Ketiga, berbesar hati untuk meminta dan menerima bantuan jika membutuhkan. Komunitas harus menjadi wadah yang menerima kekurangan orangtua, juga kekurangan anak. Komunitas yang sebenarnya bukan mereka yang menghakimi kesalahan orangtua, tapi yang mendengarkan keluhan orangtua, berempati dan dapat diajak bersama-sama memecahkan masalah.

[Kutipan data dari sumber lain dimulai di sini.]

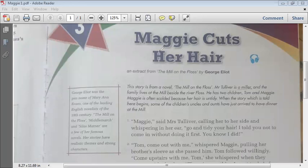Hello students, today we'll be learning the third chapter, that is Maggie Tulliver. Before starting the lesson, I would like to introduce your author, namely George Eliot. Her pen name is Mary Ann Evans — a pen name is simply another name used by an author for their novels.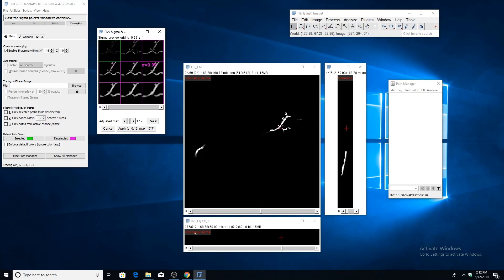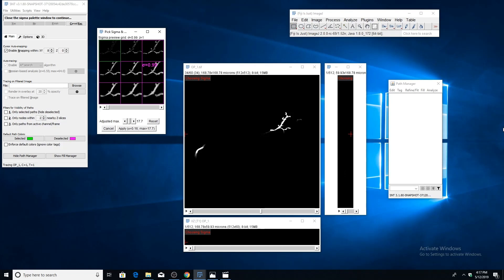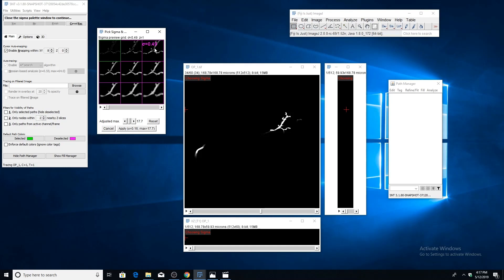A larger value of Sigma will act as a low-pass filter and will only consider larger scale structure. A smaller value of Sigma is more sensitive to local shape characteristics but is also more sensitive to noise. It's generally safe to choose a value somewhere near the middle.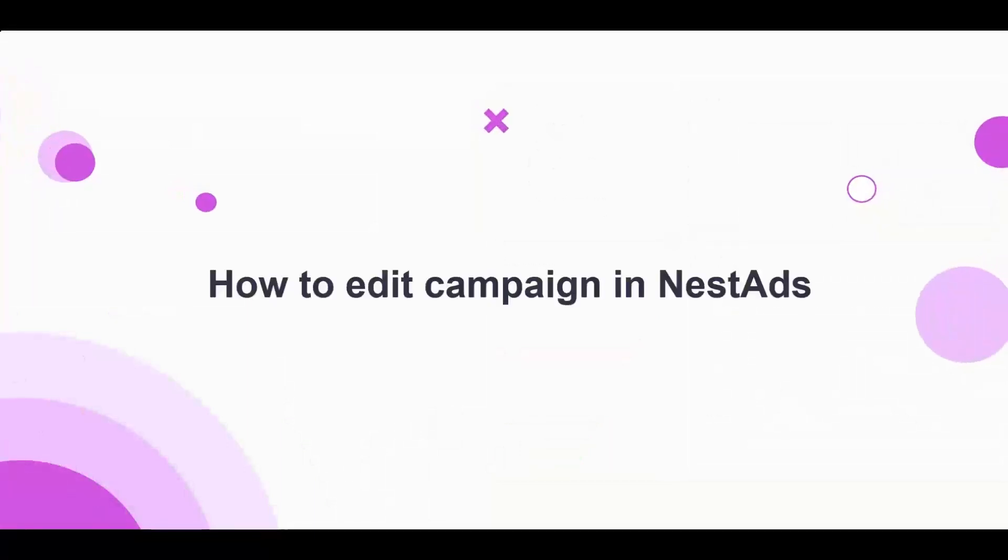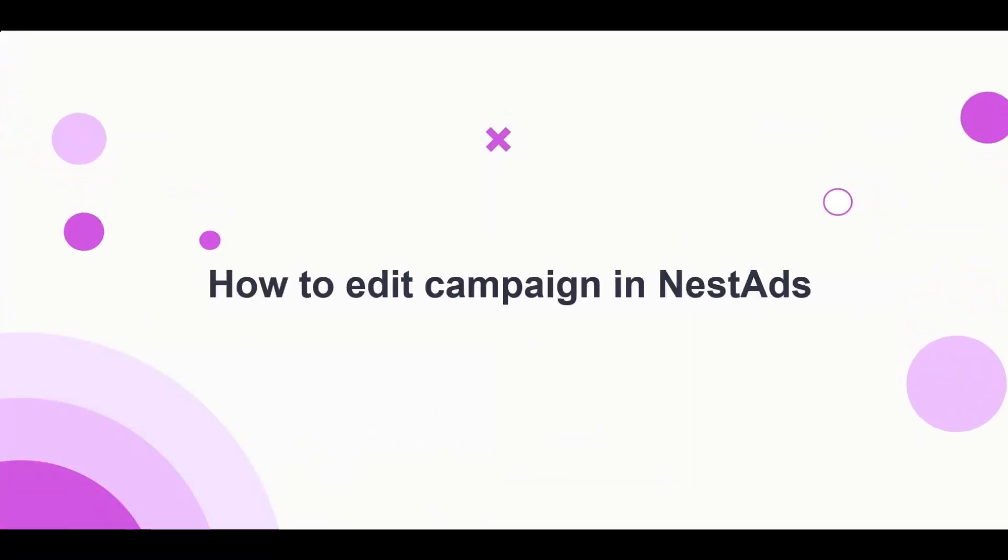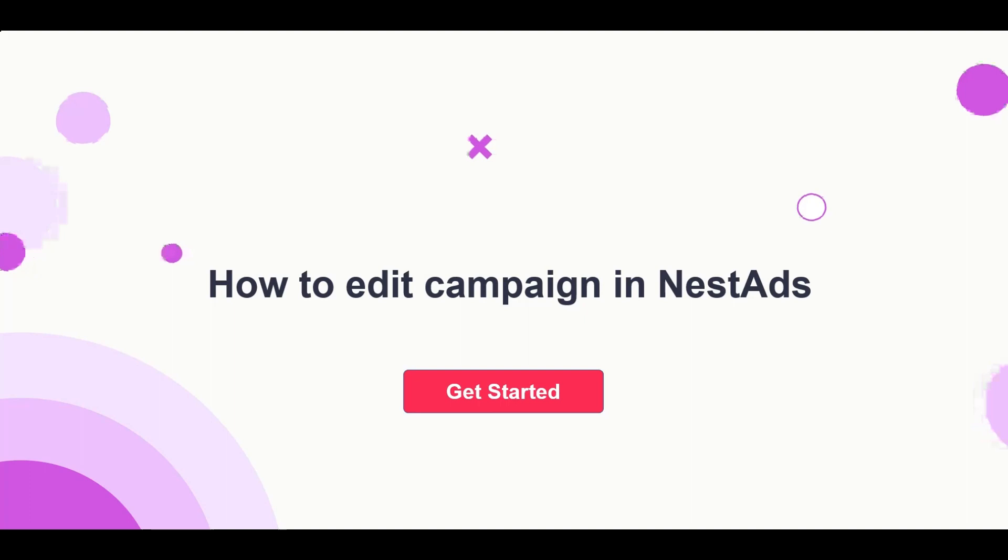Welcome to Nest Ads Help Center. In this video, you will learn how to edit campaigns in Nest Ads app.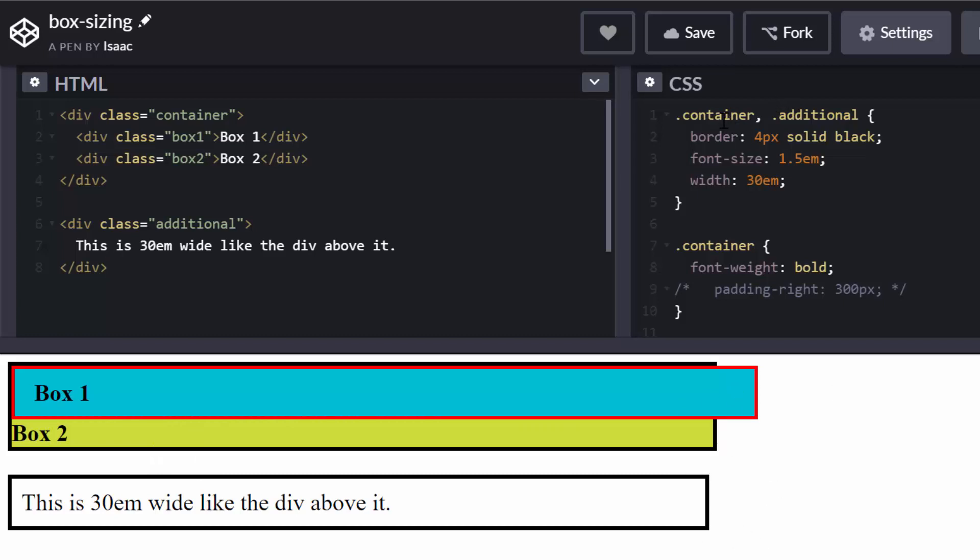So in the CSS, both boxes, this first one and second one, they have a four pixel black border which is solid. They have a font size of 1.5 EM so that you guys can see when I'm recording this. And they both have the same width, 30 EMs.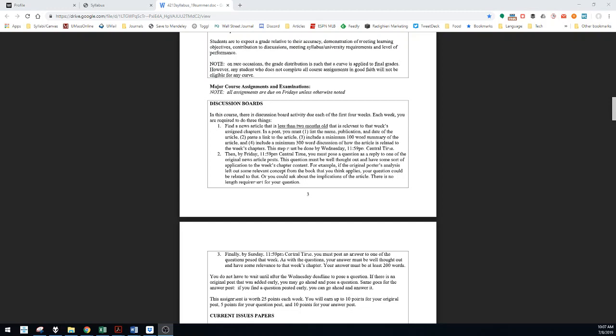Once you have your initial post done, then by Friday of that same week, you must pose a question in reply to someone else's article that they've posted and discussed. It can be something, you know, maybe there's another concept from the chapter you think fits there, so maybe ask, well, what do you think about the application of this for this particular article, and so on. There's no link requirement for your question posts. You just have to ask something related to someone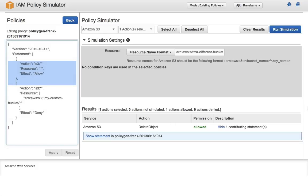This concludes our walkthrough of the IAM policy simulator. To learn more about it, visit our documentation at the link below. Thank you for watching our tutorial.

Komunitas seperti ini rasanya sulit untuk ditemukan, meskipun kita memiliki teman yang sehati, belum tentu dekat secara fisik. Langkah pertama yang harus dilakukan tentunya mendatangi tempat-tempat dimana orangtua saling berkumpul dan belajar pengasuhan anak. Kemudian melihat orangtua di sekitar kita sebagai teman seperjuangan, dan anak-anak mereka sebagai anak-anak yang akan besar bersama dengan anak-anak kita sendiri. Maka secara alamiah, kita akan berhenti menghakimi orangtua lain, dan ikut merasa bertanggungjawab akan keamanan anak-anak mereka. Jika setiap orangtua melakukan hal ini, maka sedikit demi sedikit kita dapat membentuk sebuah "dusun" yang warganya bergotong-royong bersama-sama membesarkan anak-anak.